■ Input data ■
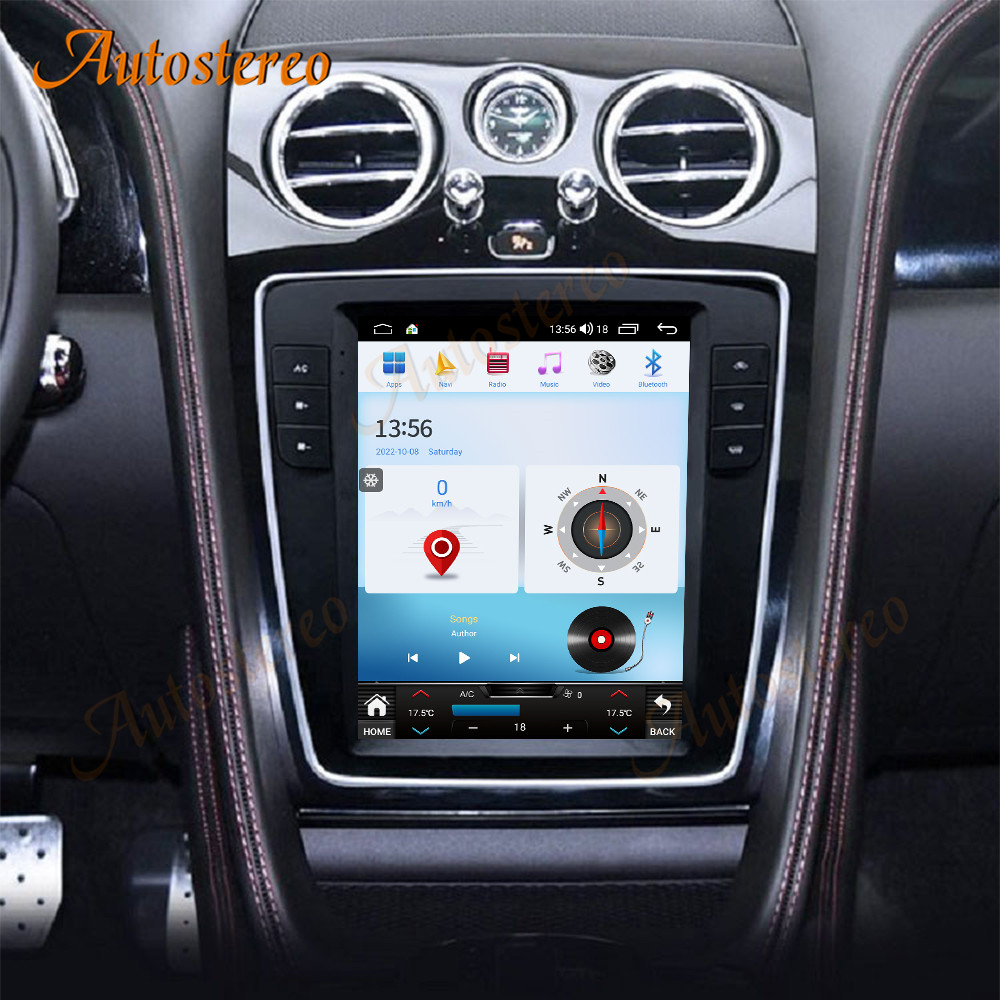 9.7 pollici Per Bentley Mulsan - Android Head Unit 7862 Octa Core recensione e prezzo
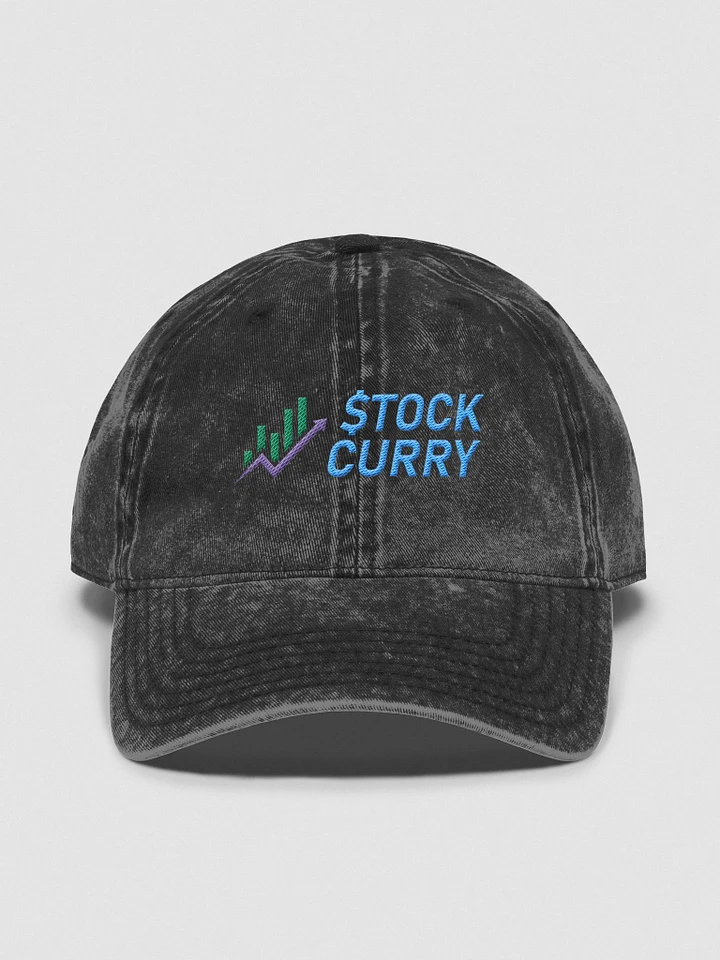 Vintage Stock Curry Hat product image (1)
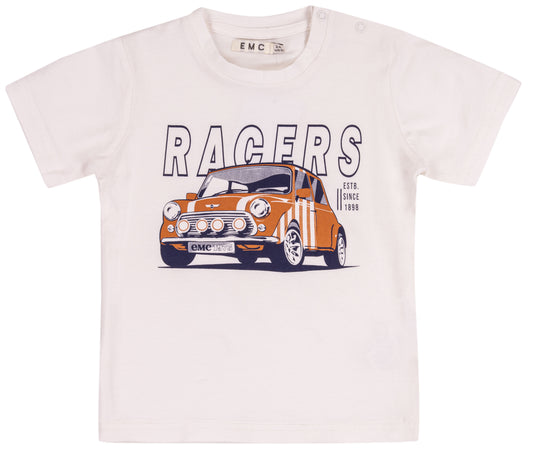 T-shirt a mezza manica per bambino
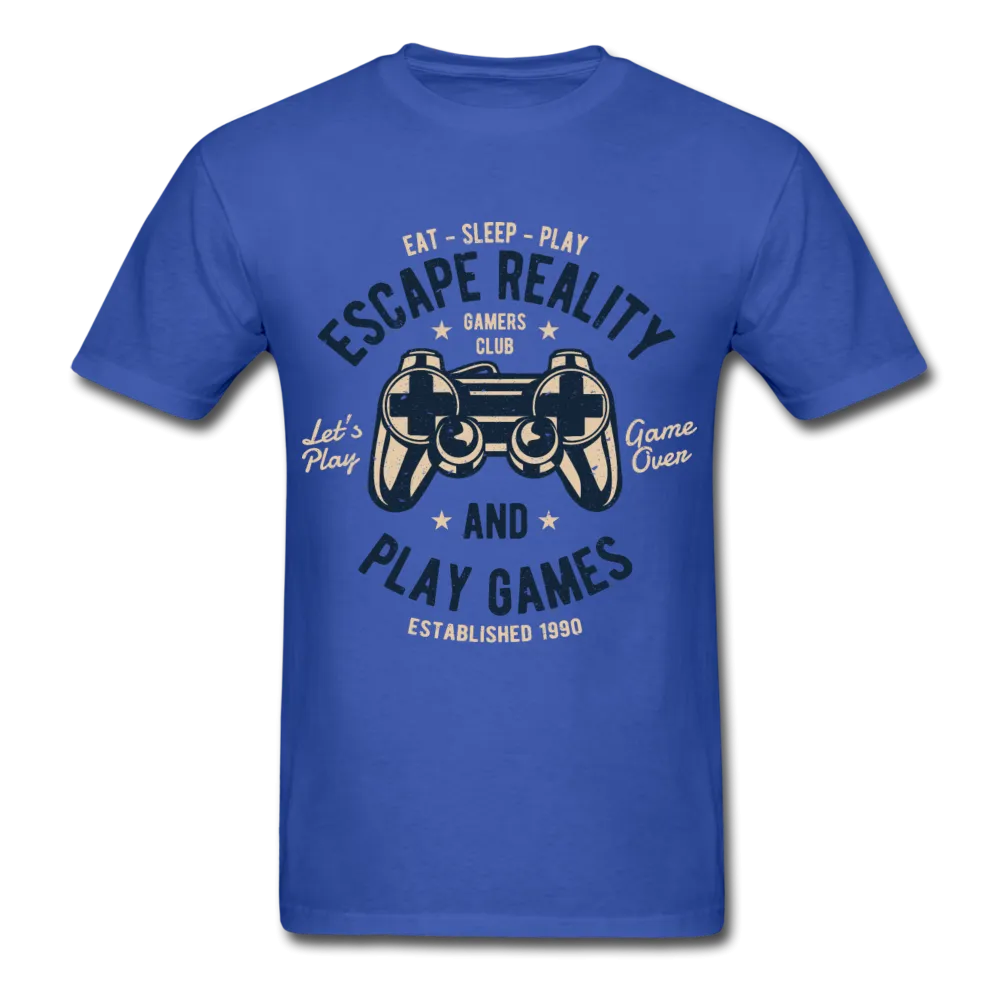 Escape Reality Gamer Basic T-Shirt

■ Work task ■
Return the listing verbatim, pictures excluded.

■ Task response ■
 9.7 pollici Per Bentley Mulsan - Android Head Unit 7862 Octa Core recensione e prezzo
 Vintage Stock Curry Hat product image (1)
 T-shirt a mezza manica per bambino
 Escape Reality Gamer Basic T-Shirt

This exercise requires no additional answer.